Would you please retype, exactly, the lines of the listing below between the line with "Four Guido Faleschini Chairs by Marini: Four" and the line with "problem alcoholism. Alcoholism", inclusive?

RECORDS PROVIDED:

>>>>

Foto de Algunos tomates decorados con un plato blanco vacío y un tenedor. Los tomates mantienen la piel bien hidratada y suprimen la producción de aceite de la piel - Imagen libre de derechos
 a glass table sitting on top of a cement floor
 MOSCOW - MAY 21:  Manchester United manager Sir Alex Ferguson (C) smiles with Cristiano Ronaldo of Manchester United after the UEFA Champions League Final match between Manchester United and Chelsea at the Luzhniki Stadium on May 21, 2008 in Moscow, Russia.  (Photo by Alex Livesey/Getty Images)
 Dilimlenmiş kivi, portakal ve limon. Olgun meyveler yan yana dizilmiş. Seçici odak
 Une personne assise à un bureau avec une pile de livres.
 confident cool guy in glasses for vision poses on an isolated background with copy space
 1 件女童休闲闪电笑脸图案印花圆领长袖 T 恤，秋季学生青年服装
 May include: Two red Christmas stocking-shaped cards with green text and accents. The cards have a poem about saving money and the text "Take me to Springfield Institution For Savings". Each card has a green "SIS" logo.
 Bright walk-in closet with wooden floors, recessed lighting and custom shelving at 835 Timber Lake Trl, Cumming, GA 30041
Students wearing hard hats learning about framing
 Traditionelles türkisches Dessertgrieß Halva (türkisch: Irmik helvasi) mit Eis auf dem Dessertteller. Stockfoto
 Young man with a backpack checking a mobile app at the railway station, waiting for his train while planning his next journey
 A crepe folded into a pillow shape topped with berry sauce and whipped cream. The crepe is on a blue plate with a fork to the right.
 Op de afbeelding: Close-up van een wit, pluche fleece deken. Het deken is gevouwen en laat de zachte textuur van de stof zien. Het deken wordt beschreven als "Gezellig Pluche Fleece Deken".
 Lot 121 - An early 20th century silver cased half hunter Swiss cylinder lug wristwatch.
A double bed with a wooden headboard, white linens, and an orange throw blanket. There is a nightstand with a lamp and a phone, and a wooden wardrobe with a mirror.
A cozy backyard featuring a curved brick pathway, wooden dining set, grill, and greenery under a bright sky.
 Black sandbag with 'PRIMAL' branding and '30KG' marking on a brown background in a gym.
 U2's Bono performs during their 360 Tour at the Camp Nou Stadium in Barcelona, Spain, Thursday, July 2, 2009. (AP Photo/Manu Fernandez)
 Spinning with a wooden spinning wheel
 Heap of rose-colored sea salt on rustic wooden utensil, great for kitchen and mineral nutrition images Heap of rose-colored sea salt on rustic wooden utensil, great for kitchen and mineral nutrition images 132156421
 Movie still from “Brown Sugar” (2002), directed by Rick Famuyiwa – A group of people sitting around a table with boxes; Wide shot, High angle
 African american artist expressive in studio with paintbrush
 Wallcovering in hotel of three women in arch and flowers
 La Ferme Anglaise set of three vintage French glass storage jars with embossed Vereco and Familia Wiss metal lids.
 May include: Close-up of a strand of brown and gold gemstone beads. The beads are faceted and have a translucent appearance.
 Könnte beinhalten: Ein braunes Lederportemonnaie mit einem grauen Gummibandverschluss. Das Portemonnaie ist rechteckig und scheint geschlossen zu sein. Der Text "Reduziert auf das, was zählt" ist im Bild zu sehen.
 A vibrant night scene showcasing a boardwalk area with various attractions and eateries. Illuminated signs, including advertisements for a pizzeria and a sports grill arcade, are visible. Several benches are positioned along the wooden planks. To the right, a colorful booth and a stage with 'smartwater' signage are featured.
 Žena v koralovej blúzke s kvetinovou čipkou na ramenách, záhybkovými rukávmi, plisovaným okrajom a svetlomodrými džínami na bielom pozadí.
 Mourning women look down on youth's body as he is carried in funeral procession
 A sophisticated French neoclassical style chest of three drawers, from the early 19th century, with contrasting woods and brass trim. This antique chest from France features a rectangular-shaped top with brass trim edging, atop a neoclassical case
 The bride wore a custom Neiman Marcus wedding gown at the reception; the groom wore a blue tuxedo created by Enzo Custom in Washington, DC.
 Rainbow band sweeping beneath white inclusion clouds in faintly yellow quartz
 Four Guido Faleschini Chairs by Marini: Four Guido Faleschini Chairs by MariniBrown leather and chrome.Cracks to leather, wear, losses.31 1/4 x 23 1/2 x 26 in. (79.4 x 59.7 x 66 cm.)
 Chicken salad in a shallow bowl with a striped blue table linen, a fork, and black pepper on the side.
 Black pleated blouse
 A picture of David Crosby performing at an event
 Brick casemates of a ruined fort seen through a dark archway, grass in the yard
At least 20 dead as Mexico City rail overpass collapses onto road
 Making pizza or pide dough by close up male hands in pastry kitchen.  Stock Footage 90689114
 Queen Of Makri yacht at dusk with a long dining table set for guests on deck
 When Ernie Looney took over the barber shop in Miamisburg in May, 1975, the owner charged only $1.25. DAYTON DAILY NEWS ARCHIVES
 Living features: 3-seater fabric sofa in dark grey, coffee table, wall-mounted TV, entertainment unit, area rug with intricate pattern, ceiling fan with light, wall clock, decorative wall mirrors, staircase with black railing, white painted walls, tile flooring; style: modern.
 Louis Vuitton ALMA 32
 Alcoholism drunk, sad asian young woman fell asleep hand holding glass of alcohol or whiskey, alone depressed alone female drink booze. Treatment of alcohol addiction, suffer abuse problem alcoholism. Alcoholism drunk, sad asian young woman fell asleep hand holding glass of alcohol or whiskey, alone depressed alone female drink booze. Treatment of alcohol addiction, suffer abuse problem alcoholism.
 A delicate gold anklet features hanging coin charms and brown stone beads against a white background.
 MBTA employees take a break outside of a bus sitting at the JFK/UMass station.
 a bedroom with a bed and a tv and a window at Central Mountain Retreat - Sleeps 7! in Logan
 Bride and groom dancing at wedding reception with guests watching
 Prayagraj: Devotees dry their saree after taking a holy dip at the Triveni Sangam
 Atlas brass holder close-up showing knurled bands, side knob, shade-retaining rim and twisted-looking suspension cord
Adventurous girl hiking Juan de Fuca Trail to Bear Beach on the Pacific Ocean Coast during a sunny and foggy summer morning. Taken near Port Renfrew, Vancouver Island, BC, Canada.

<<<<

RESULT:
 Four Guido Faleschini Chairs by Marini: Four Guido Faleschini Chairs by MariniBrown leather and chrome.Cracks to leather, wear, losses.31 1/4 x 23 1/2 x 26 in. (79.4 x 59.7 x 66 cm.)
 Chicken salad in a shallow bowl with a striped blue table linen, a fork, and black pepper on the side.
 Black pleated blouse
 A picture of David Crosby performing at an event
 Brick casemates of a ruined fort seen through a dark archway, grass in the yard
At least 20 dead as Mexico City rail overpass collapses onto road
 Making pizza or pide dough by close up male hands in pastry kitchen.  Stock Footage 90689114
 Queen Of Makri yacht at dusk with a long dining table set for guests on deck
 When Ernie Looney took over the barber shop in Miamisburg in May, 1975, the owner charged only $1.25. DAYTON DAILY NEWS ARCHIVES
 Living features: 3-seater fabric sofa in dark grey, coffee table, wall-mounted TV, entertainment unit, area rug with intricate pattern, ceiling fan with light, wall clock, decorative wall mirrors, staircase with black railing, white painted walls, tile flooring; style: modern.
 Louis Vuitton ALMA 32
 Alcoholism drunk, sad asian young woman fell asleep hand holding glass of alcohol or whiskey, alone depressed alone female drink booze. Treatment of alcohol addiction, suffer abuse problem alcoholism. Alcoholism drunk, sad asian young woman fell asleep hand holding glass of alcohol or whiskey, alone depressed alone female drink booze. Treatment of alcohol addiction, suffer abuse problem alcoholism.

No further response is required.